Exercise objective: The line containing "How to Turn", and every line after it to the end of the listing, should be repeated exactly; the pictures should not.

Materials provided:
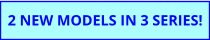 2 NEW MODELS IN 3 SERIES!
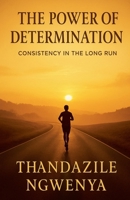The Power of Determination - Consistency in the Long Run B0FBR69PD7 Book Cover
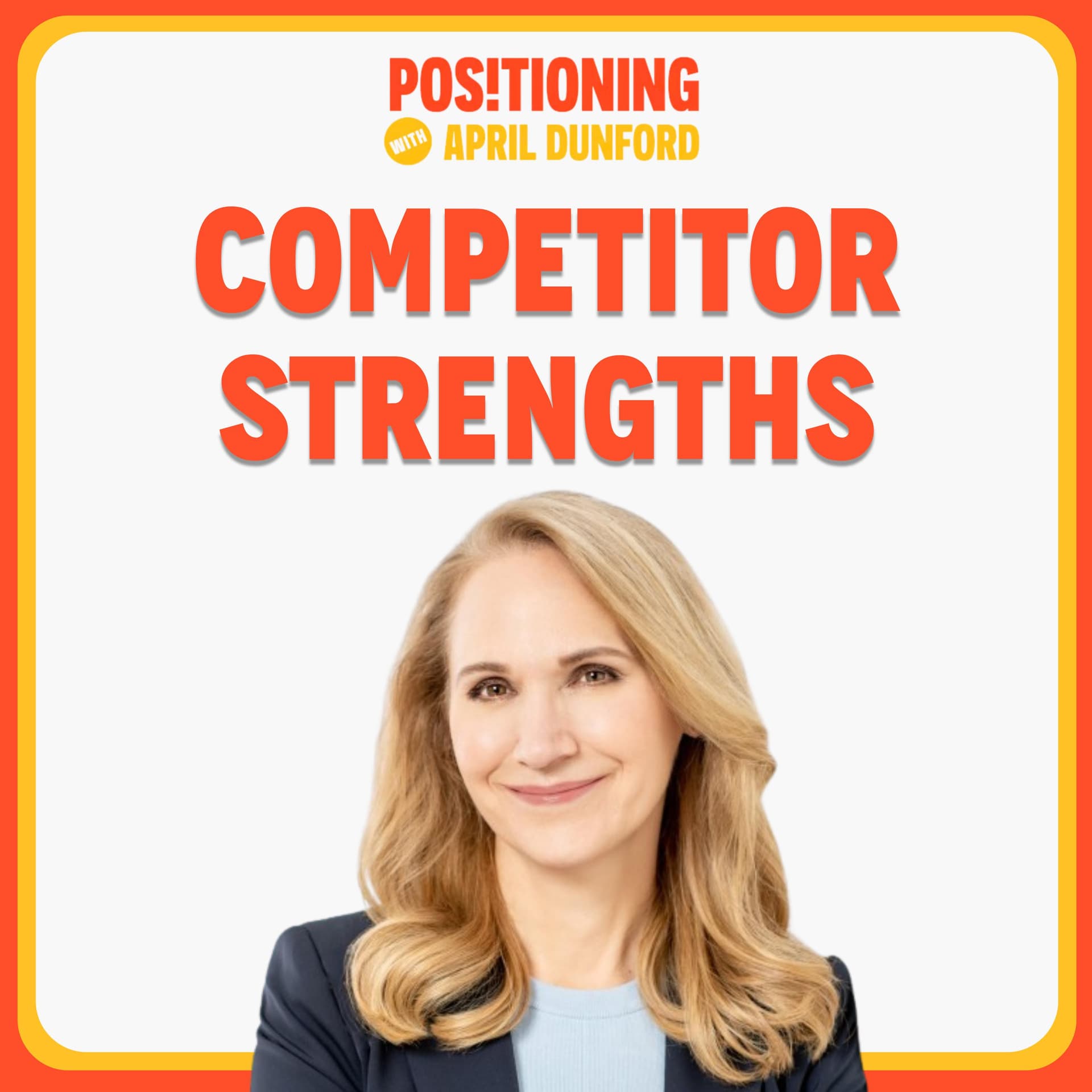 How to Turn a Competitor's Strength into a Weakness - Positioning with April Dunford cover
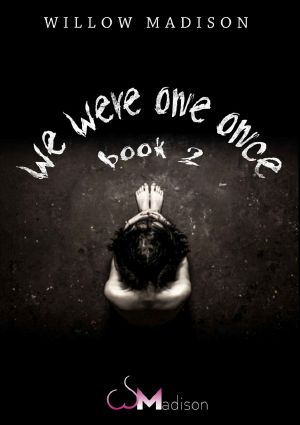 [We Were One Once 02] • We Were One Once 2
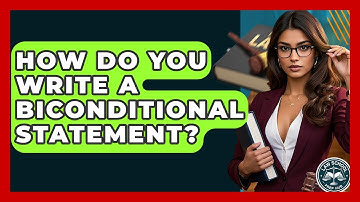 How Do You Write A Biconditional Statement? - Law School Prep Hub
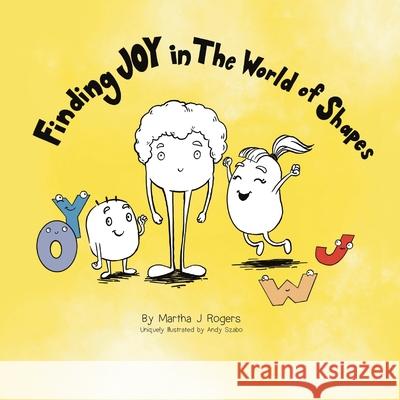 Finding JOY in The World of Shapes Martha J. Rogers Andy Szabo 9781733684057 Champions of Civility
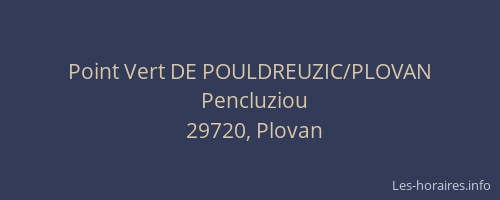 Point Vert DE POULDREUZIC/PLOVAN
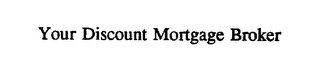 YOUR DISCOUNT MORTGAGE BROKER logo
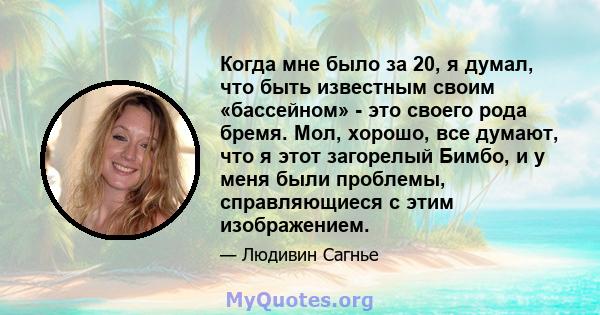 Когда мне было за 20, я думал, что быть известным своим «бассейном» - это своего рода бремя. Мол, хорошо, все думают, что я этот загорелый Бимбо, и у меня были проблемы, справляющиеся с этим изображением.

Task response:
 How to Turn a Competitor's Strength into a Weakness - Positioning with April Dunford cover
 [We Were One Once 02] • We Were One Once 2
 How Do You Write A Biconditional Statement? - Law School Prep Hub
 Finding JOY in The World of Shapes Martha J. Rogers Andy Szabo 9781733684057 Champions of Civility
 Point Vert DE POULDREUZIC/PLOVAN
 YOUR DISCOUNT MORTGAGE BROKER logo
 Когда мне было за 20, я думал, что быть известным своим «бассейном» - это своего рода бремя. Мол, хорошо, все думают, что я этот загорелый Бимбо, и у меня были проблемы, справляющиеся с этим изображением.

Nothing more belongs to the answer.